■ Source material ■
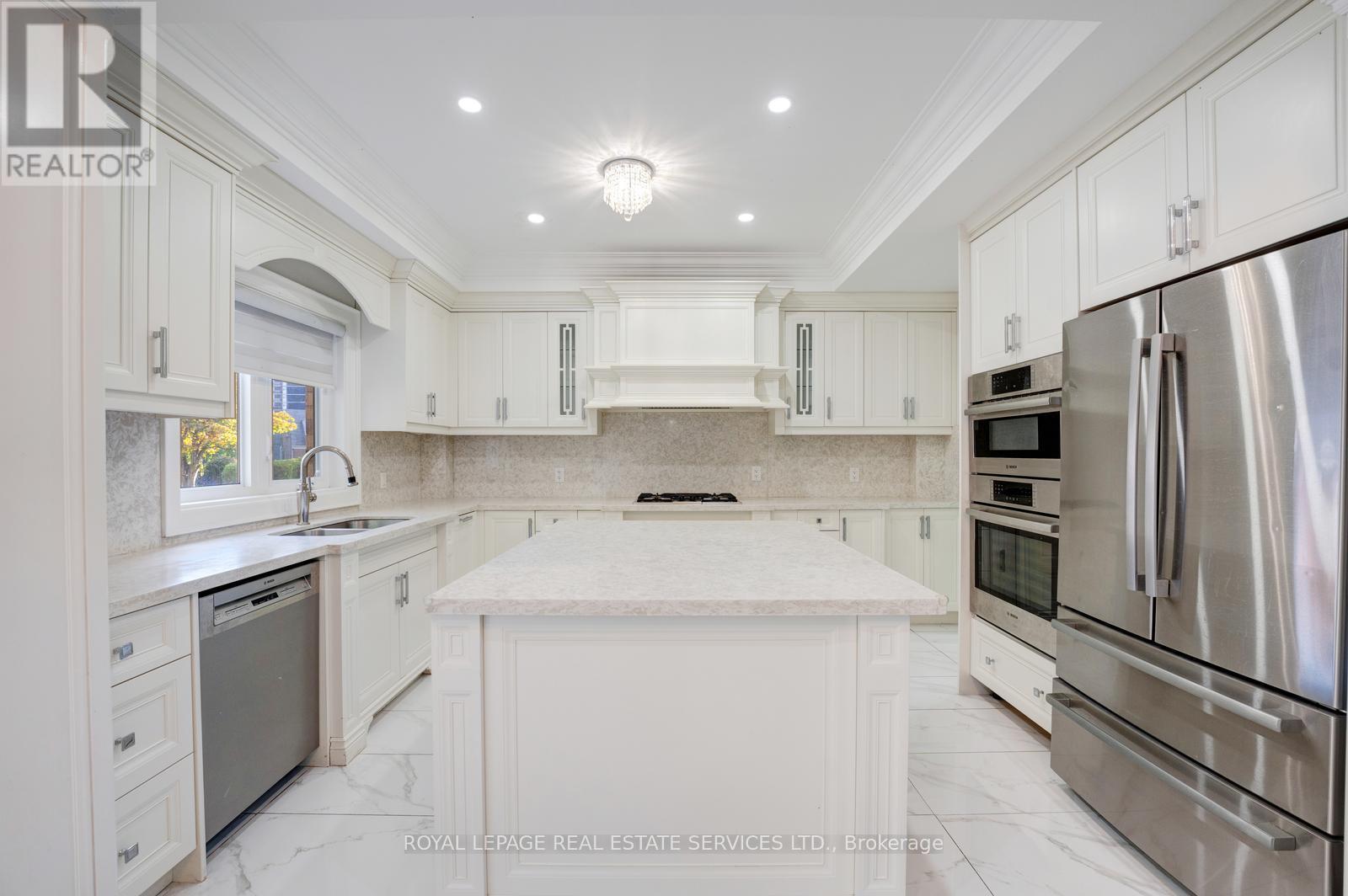 19 Irvington Crescent, Toronto, Ontario  M2N 2Z2 - Photo 15 - C12520580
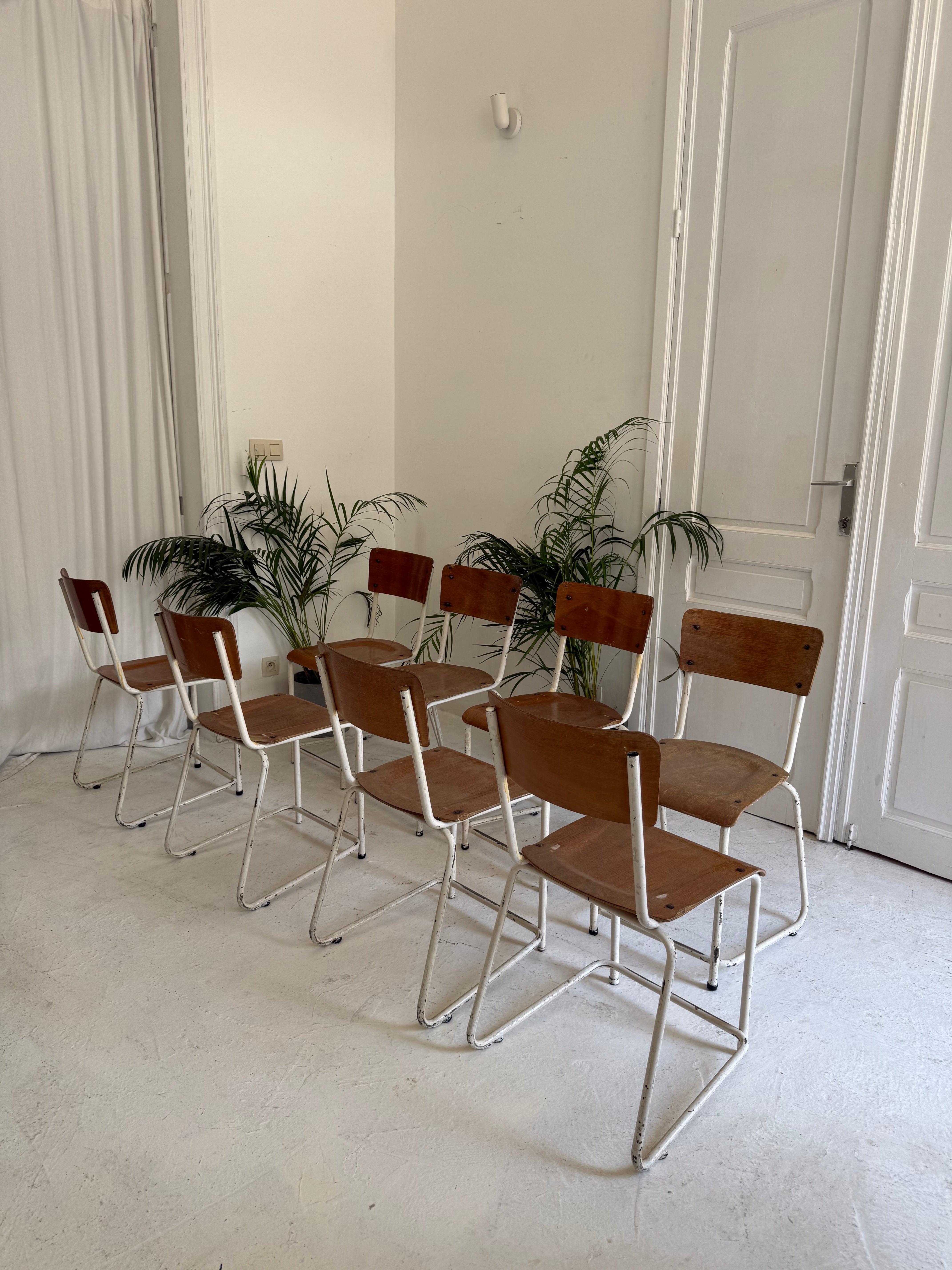 8 chaises vintage en bois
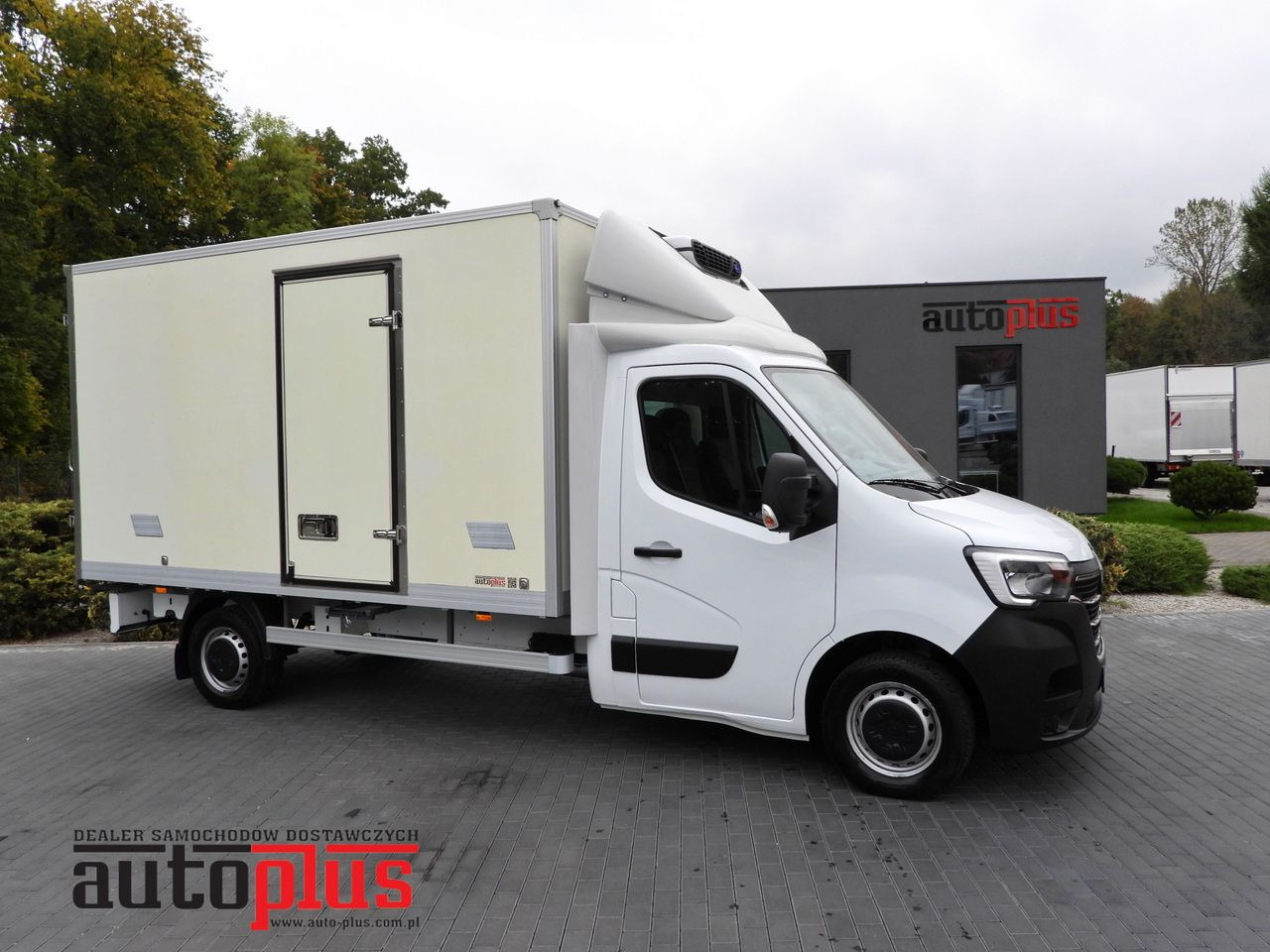 RENAULT MASTER REGRIGERATOR BOX 0*C LED LIGHTS AIR CONDITIONING 165HP - Furgoneta frigorifica: foto 1 RENAULT MASTER REGRIGERATOR BOX 0*C LED LIGHTS AIR CONDITIONING 165HP - Furgoneta frigorifica: foto 1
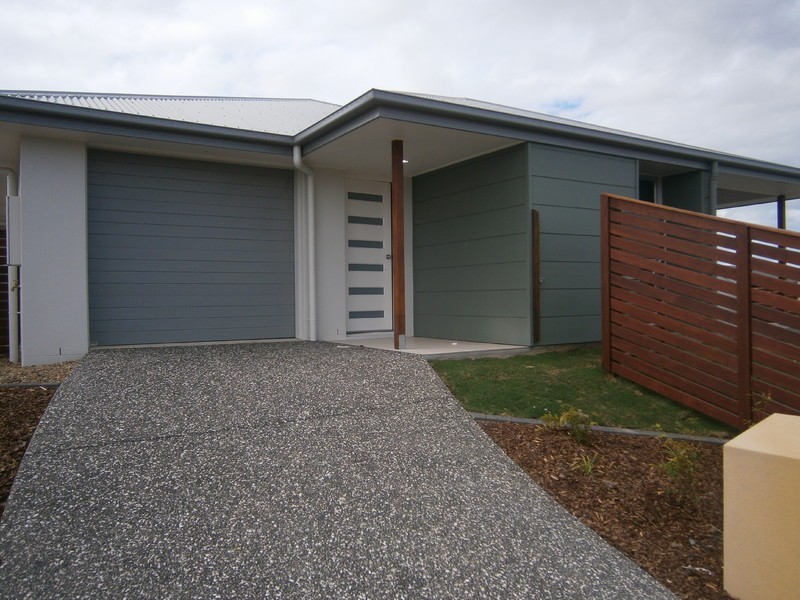 2 Henning Street, Meridan Plains QLD 4551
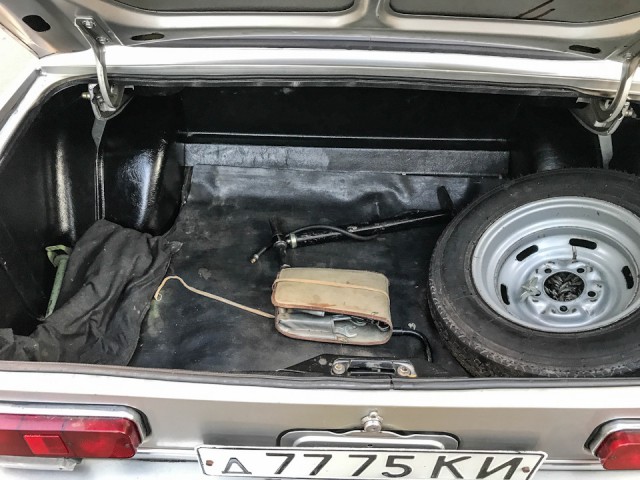 «Москвич-2140» в заводском цвете металлик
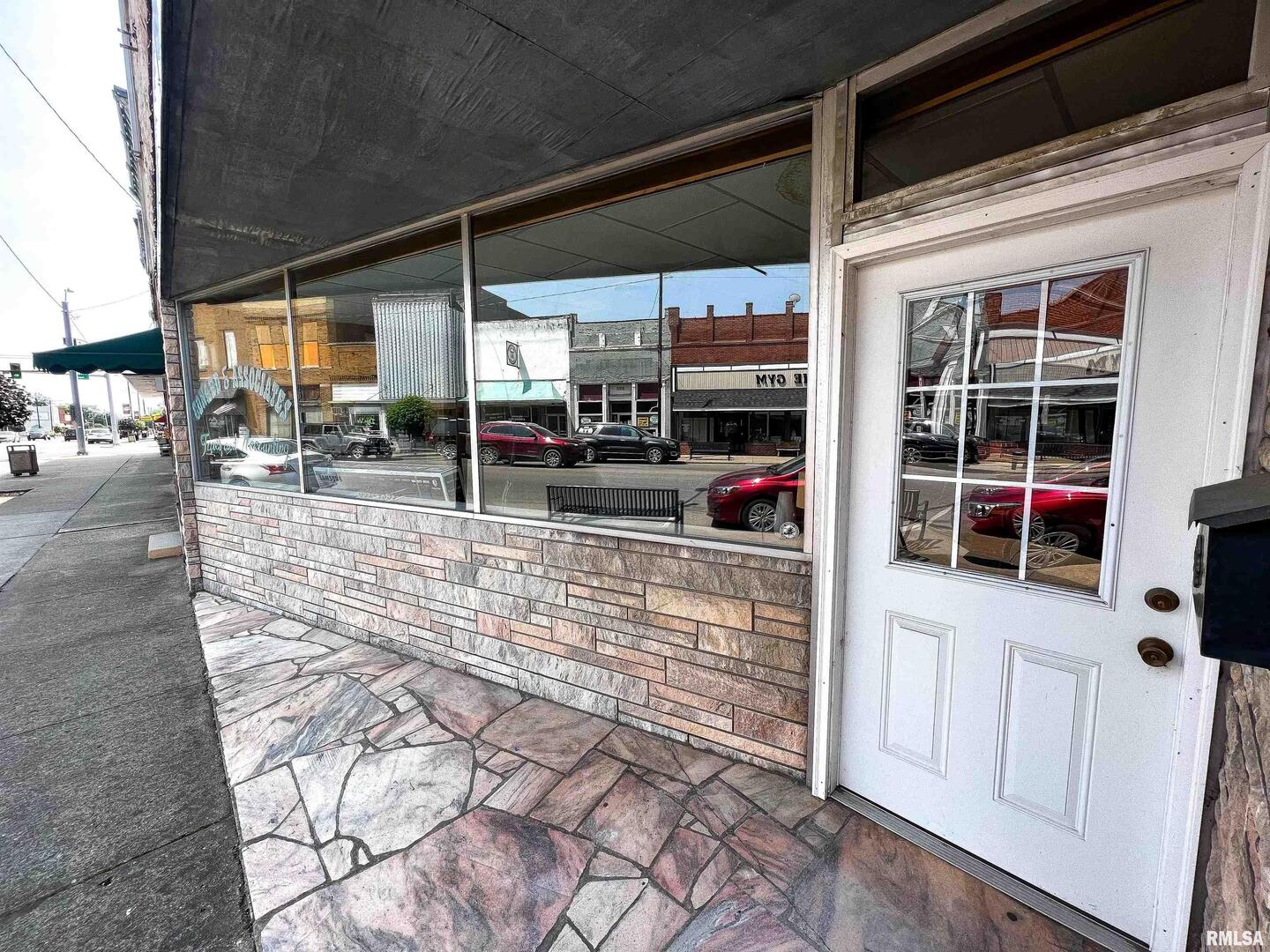 111 W NORTH Avenue #109, Flora, IL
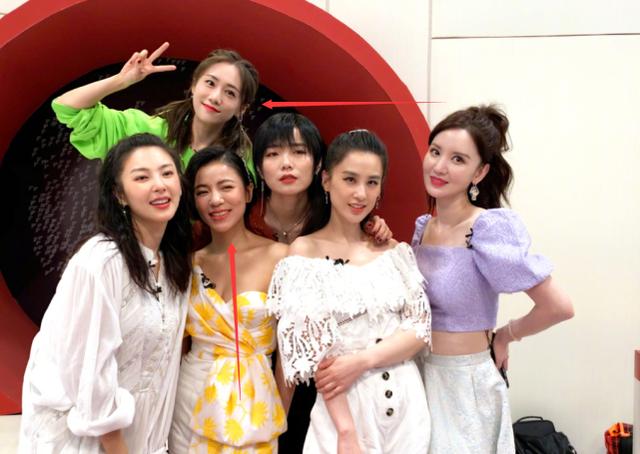 刘芸晒集体合照被吐槽，p图只p自己太有心机，张雨绮的嘴都歪了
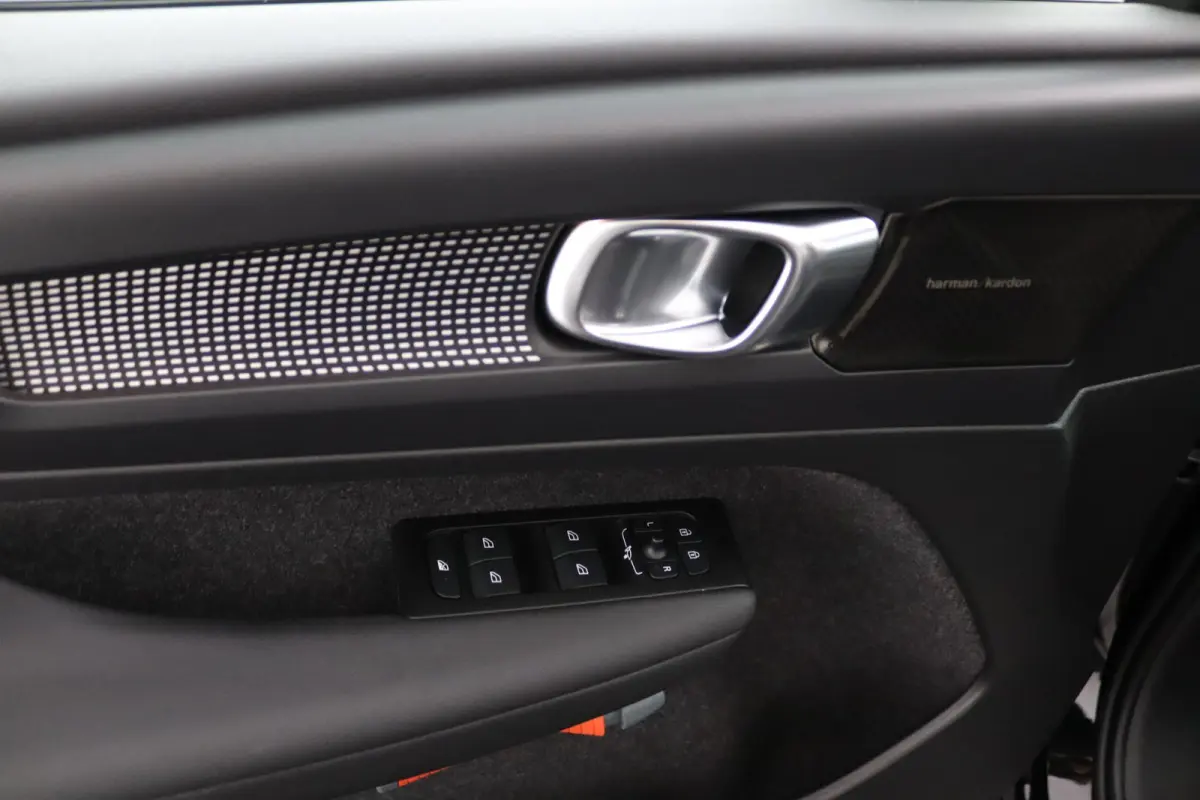 1.5 T4 R-Design | Trekhaak | SoH 91% | Panoramadak | Stoelverwarming | Carplay |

■ How to complete this task ■
With all pictures omitted, return the lines from the line containing "foto 1 RENAULT" through the closing line of the listing above, exactly and inclusive.

■ Solved exercise ■
 RENAULT MASTER REGRIGERATOR BOX 0*C LED LIGHTS AIR CONDITIONING 165HP - Furgoneta frigorifica: foto 1 RENAULT MASTER REGRIGERATOR BOX 0*C LED LIGHTS AIR CONDITIONING 165HP - Furgoneta frigorifica: foto 1
 2 Henning Street, Meridan Plains QLD 4551
 «Москвич-2140» в заводском цвете металлик
 111 W NORTH Avenue #109, Flora, IL
 刘芸晒集体合照被吐槽，p图只p自己太有心机，张雨绮的嘴都歪了
 1.5 T4 R-Design | Trekhaak | SoH 91% | Panoramadak | Stoelverwarming | Carplay |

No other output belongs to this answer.